Linear Regression Code from Scratch

In this tutorial, we will be writing the code from scratch for Linear Regression using the First Approach that we studied i.e. using the R-Squared Error and then we will move on to plotting the "Best Fit Line" using Gradient Descent. So, let's get started.

Step-1: Import the Dependencies.

Mean: to calculate the mean of the data points

Numpy: for numerical calculations

Matplotlib: to plot the data

Pandas: to load the data and modify it

In [1]:
# Import Dependencies
from statistics import mean
import numpy as np
import pandas as pd
import matplotlib.pyplot as plt
%matplotlib inline

We discussed in the starting tutorials that a straight line is represented by the equation:

y = mx + b

where,

m: Slope of the line

b: bias

Step2: Fit a line to Input Data

Also, we studied that to find out the "Best Fit Line" we require the values of m and b. So, to find the best fit line, we used the formula:

Slope(m) = (mean(x)mean(y) - mean(xy)) / (mean(x)^2 - mean(x^2))

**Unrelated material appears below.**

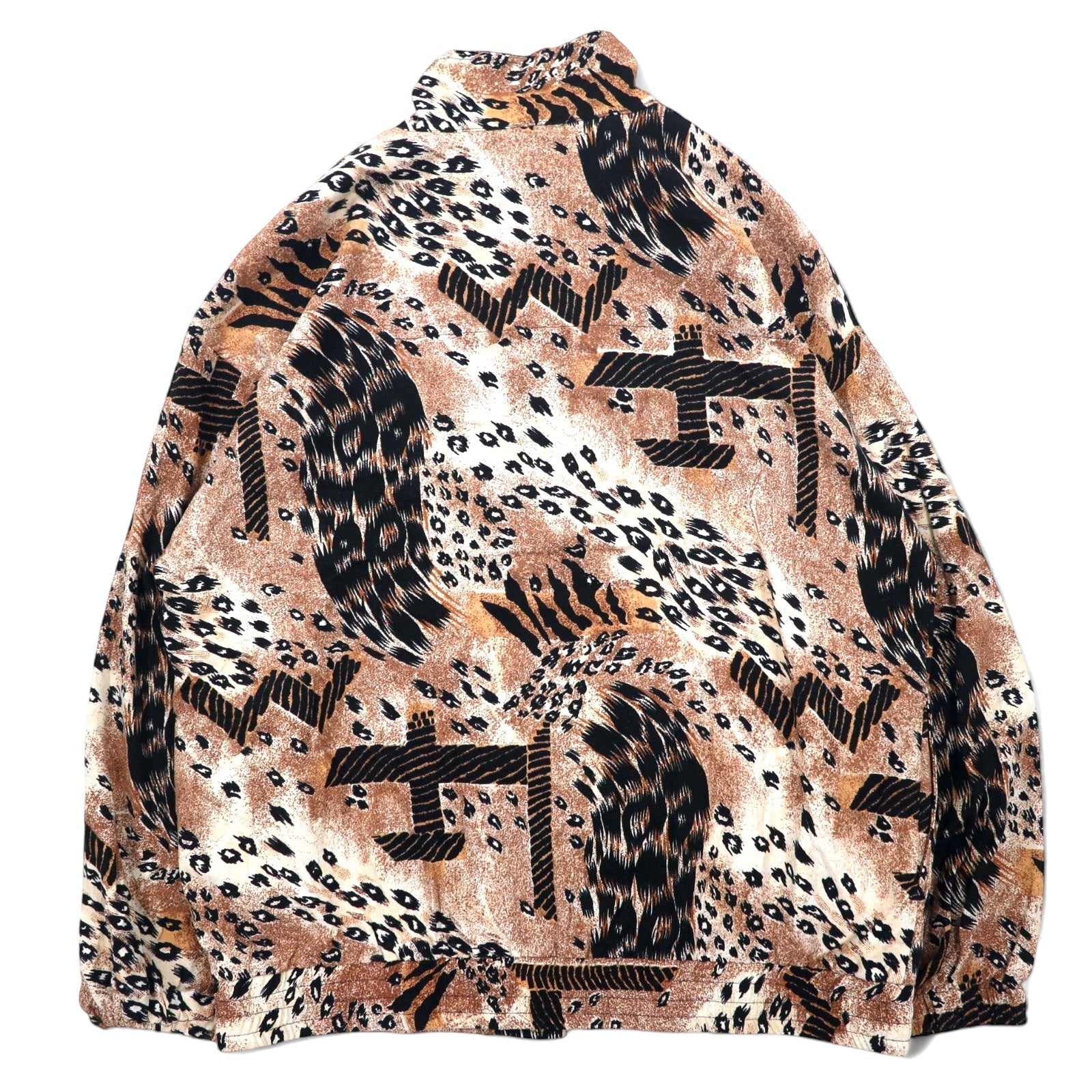 Anni '90 ERIN LONDON Giacca in seta con cerniera, taglia L, beige, fantasia leopardata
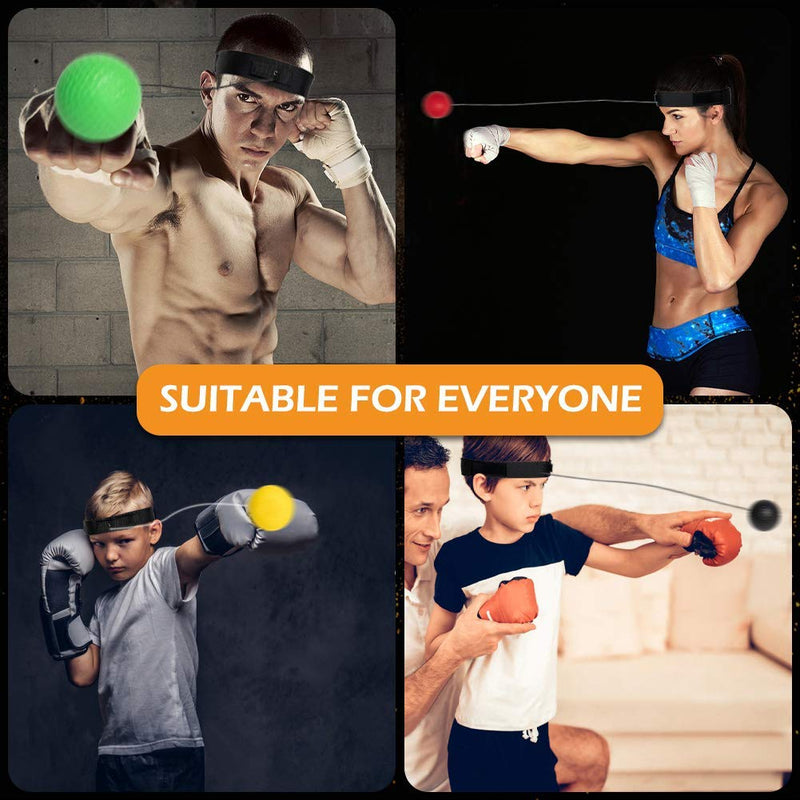 OLIKER Boxing Reflex Ball Family Pack Plus with Adjustable Headband,4 Boxing Ball Suitable Reaction,Agility,Punching Speed,Fight Skill and Hand Eye Coordination Training for Adults and Kids - BeesActive Australia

Bias(b) = mean(y) - m*mean(x)

and then put these values in the equation of a straight line to get the new values for y or what we called in the tutorial as y_hat.

In [2]:
# Equation for a Straight Line:  y = mx + b
# Function to predict the Best Fit Slope
# Slope(m) = (mean(x)*mean(y) - mean(x*y))/(mean(x)^2 - mean(x^2))
# Bias(b) = mean(y) - m*mean(x)

def best_fit_slope(X,y):
    slope_m = ((mean(X)*mean(y)) - mean(X*y))/(mean(X)**2 - mean(X**2))
    bias_b = mean(y) - slope_m*mean(X)
    return slope_m, bias_b

In the above function, we have calculated the hard coded values for slope(m) and the bias(b). Now, let's input our data and see how this function performs to form a "Best Fit Line".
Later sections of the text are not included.